[EXERCISE MATERIALS — start]

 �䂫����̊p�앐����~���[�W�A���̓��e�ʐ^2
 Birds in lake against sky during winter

[EXERCISE MATERIALS — finish]
[EXERCISE MATERIALS — start]

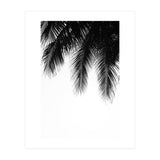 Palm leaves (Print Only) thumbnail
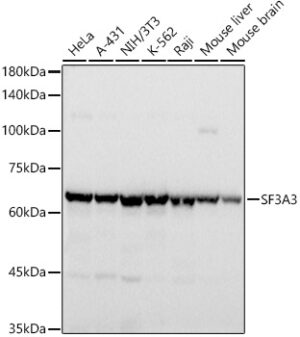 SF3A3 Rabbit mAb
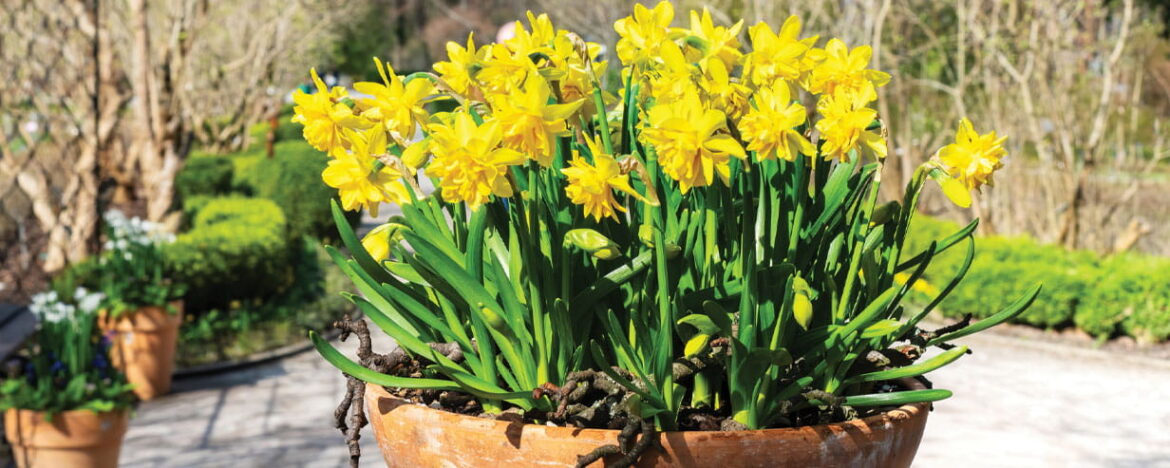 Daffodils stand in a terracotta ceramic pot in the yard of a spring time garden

[EXERCISE MATERIALS — finish]
[EXERCISE MATERIALS — start]

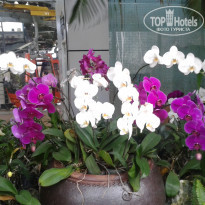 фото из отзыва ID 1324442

[EXERCISE MATERIALS — finish]

An exact transcription is needed of the lines from the one with "SF3A3 Rabbit mAb" to the one with "Daffodils stand in" above, both ends included, with pictures left out.

## [ANSWER SPACE]
 SF3A3 Rabbit mAb
 Daffodils stand in a terracotta ceramic pot in the yard of a spring time garden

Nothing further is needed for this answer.